> [What to produce]
Please transcribe the data below exactly. Leave the pictures out.
___ Study material ___
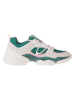 Marc O'Polo Shoes Skórzane sneakersy w kolorze zielono-kremowym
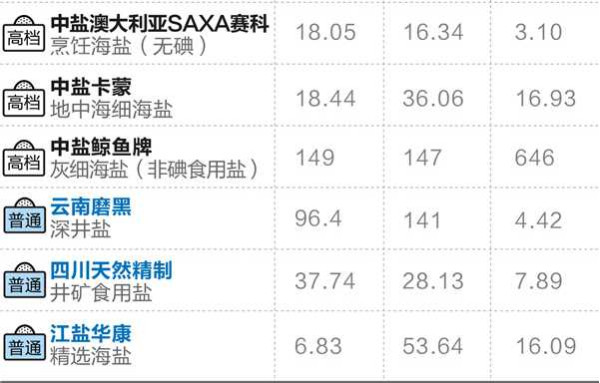 13款食用盐对比测试:45块的高档盐竟不如3块的普通盐...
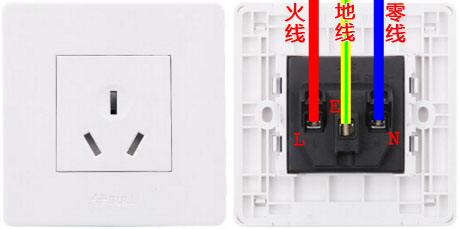 电路电源和插板上的L N E代表什么？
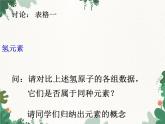 人教版化学九年级上册 第三单元课题3  元素课件
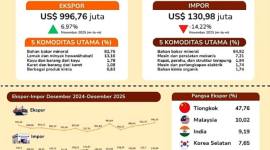 BPS Kalsel merilis ekspor barang asal Kalsel Desember 2025 mencapai US$996,76 juta. (Foto: BPS Kalsel)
___
> [Finished task]
 Marc O'Polo Shoes Skórzane sneakersy w kolorze zielono-kremowym
 13款食用盐对比测试:45块的高档盐竟不如3块的普通盐...
 电路电源和插板上的L N E代表什么？
 人教版化学九年级上册 第三单元课题3  元素课件
 BPS Kalsel merilis ekspor barang asal Kalsel Desember 2025 mencapai US$996,76 juta. (Foto: BPS Kalsel)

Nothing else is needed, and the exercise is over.